I suspect most people forced to drive across Pennsylvania on the Turnpike consider that to be a boring, unpleasant chore. I am not in that category and the opportunity for me to ride, as a passenger, the 270 miles east from Monroeville to King of Prussia on the ‘Pike’ on Friday, and to retrace the trip west on Sunday was a great thrill. The purpose of the trip was for us to attend my granddaughter Rachael’s graduation from Bryn Mawr, and to retrieve her belongings. Consequently, Beth and Mike chose to borrow my van, a request I honored in return for the right to occupy the “shotgun seat” both ways.
In the eighty-six years the Turnpike has been open, I have traversed the original portion hundreds of times. My storehouse of memories is packed full; combining that with the chance to see and learn new things makes such a journey very appealing to me. The fact that I was sightseeing while someone else was driving made it all the more enjoyable. At my age every adventure is a candidate for being my last opportunity to enjoy a specific experience – better take advantage of it.

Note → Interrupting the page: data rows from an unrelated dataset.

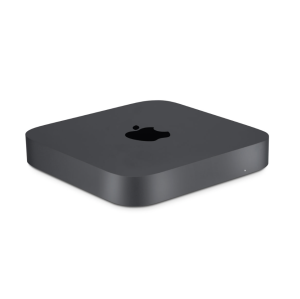 OPEN BOX - Mac mini 3.2 GHz 6-Core i7 32GB 2TB Space Grey | Best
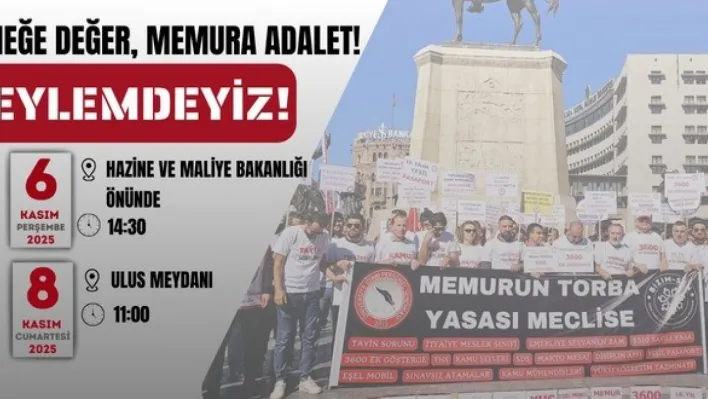 ÜNİPERSEN'den toplu sözleşmede iyileştirme talebi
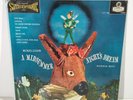 SEALED A Midsummer Night's Dream / London Records ?– CS 6001 / 1958 / Blue Back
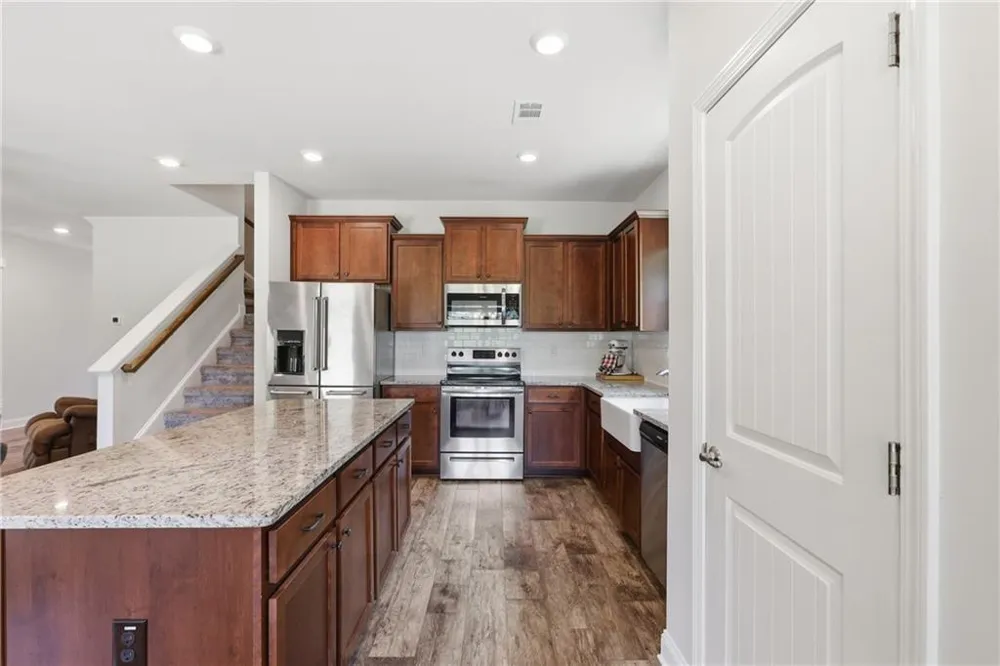 5911 Wauka Valley Pass Clermont, GA 30527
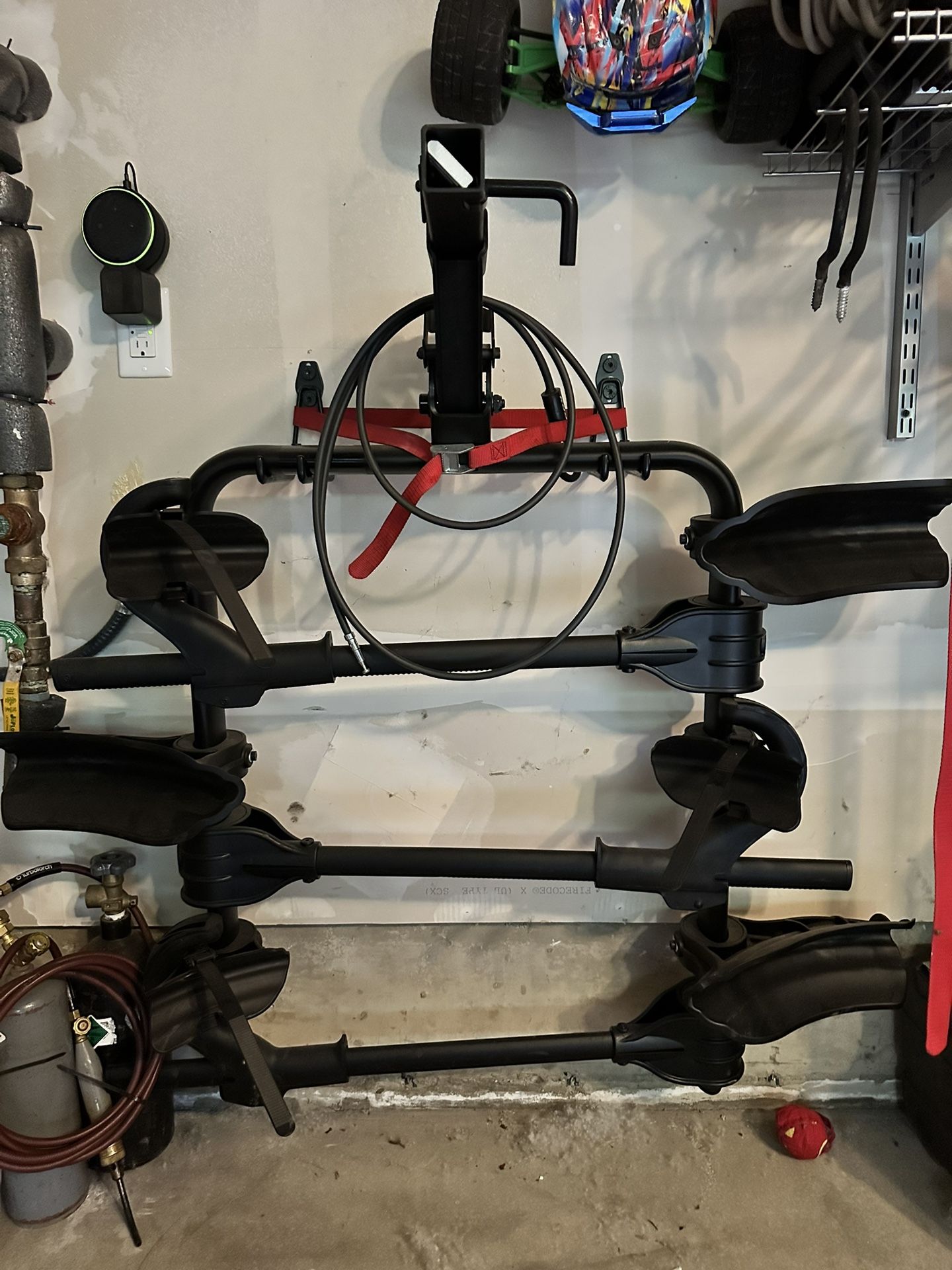 Kuat Transfer V2 3 Bike Hitch Rack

We entered the Turnpike at Monroeville, cruising through the old, now unmanned, toll booths without a stop and immediately passed under a gantry full of cameras all aimed at my license plate — one more example of a boring, tedious job eliminated by modern technology. Eleven miles later we are at Irwin, the western terminus of the original Turnpike. In the early days motorists had to fight their way to and through Pittsburgh on Route 30 to reach the ‘Pike; the addition of the Parkway East and the Monroeville interchange was quite welcome.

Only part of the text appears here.